Each entry that appears below should be restated exactly as it is.

■ **Data for this task**:
= Beginning of Section =

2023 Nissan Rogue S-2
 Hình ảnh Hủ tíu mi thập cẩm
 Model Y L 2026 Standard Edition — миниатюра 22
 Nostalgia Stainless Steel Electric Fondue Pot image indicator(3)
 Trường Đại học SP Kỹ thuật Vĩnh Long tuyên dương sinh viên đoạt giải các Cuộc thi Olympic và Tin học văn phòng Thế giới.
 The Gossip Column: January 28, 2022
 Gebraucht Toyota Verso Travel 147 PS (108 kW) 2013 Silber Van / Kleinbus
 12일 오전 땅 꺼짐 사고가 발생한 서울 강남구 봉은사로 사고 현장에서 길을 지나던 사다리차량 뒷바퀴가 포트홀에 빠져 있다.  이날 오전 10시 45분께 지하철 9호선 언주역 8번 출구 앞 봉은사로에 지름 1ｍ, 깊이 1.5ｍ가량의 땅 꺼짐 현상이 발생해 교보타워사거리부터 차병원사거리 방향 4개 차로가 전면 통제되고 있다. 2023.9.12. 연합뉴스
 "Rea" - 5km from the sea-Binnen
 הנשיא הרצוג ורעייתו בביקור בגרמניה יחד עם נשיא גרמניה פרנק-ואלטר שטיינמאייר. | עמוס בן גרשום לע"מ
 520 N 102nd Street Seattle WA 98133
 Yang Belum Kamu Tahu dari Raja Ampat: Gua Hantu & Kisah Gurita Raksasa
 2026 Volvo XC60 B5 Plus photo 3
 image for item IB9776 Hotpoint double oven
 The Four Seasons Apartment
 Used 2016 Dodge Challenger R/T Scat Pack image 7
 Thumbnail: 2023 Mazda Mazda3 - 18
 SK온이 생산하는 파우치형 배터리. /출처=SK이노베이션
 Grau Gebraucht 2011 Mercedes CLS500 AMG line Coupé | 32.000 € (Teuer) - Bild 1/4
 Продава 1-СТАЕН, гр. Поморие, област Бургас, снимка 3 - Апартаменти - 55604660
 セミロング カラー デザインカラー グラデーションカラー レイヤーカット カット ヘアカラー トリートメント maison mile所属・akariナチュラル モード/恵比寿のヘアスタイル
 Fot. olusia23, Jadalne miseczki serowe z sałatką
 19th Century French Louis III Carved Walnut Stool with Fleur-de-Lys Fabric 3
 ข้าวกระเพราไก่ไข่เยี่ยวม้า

= End of Section =

■ **Output below**:
2023 Nissan Rogue S-2
 Hình ảnh Hủ tíu mi thập cẩm
 Model Y L 2026 Standard Edition — миниатюра 22
 Nostalgia Stainless Steel Electric Fondue Pot image indicator(3)
 Trường Đại học SP Kỹ thuật Vĩnh Long tuyên dương sinh viên đoạt giải các Cuộc thi Olympic và Tin học văn phòng Thế giới.
 The Gossip Column: January 28, 2022
 Gebraucht Toyota Verso Travel 147 PS (108 kW) 2013 Silber Van / Kleinbus
 12일 오전 땅 꺼짐 사고가 발생한 서울 강남구 봉은사로 사고 현장에서 길을 지나던 사다리차량 뒷바퀴가 포트홀에 빠져 있다.  이날 오전 10시 45분께 지하철 9호선 언주역 8번 출구 앞 봉은사로에 지름 1ｍ, 깊이 1.5ｍ가량의 땅 꺼짐 현상이 발생해 교보타워사거리부터 차병원사거리 방향 4개 차로가 전면 통제되고 있다. 2023.9.12. 연합뉴스
 "Rea" - 5km from the sea-Binnen
 הנשיא הרצוג ורעייתו בביקור בגרמניה יחד עם נשיא גרמניה פרנק-ואלטר שטיינמאייר. | עמוס בן גרשום לע"מ
 520 N 102nd Street Seattle WA 98133
 Yang Belum Kamu Tahu dari Raja Ampat: Gua Hantu & Kisah Gurita Raksasa
 2026 Volvo XC60 B5 Plus photo 3
 image for item IB9776 Hotpoint double oven
 The Four Seasons Apartment
 Used 2016 Dodge Challenger R/T Scat Pack image 7
 Thumbnail: 2023 Mazda Mazda3 - 18
 SK온이 생산하는 파우치형 배터리. /출처=SK이노베이션
 Grau Gebraucht 2011 Mercedes CLS500 AMG line Coupé | 32.000 € (Teuer) - Bild 1/4
 Продава 1-СТАЕН, гр. Поморие, област Бургас, снимка 3 - Апартаменти - 55604660
 セミロング カラー デザインカラー グラデーションカラー レイヤーカット カット ヘアカラー トリートメント maison mile所属・akariナチュラル モード/恵比寿のヘアスタイル
 Fot. olusia23, Jadalne miseczki serowe z sałatką
 19th Century French Louis III Carved Walnut Stool with Fleur-de-Lys Fabric 3
 ข้าวกระเพราไก่ไข่เยี่ยวม้า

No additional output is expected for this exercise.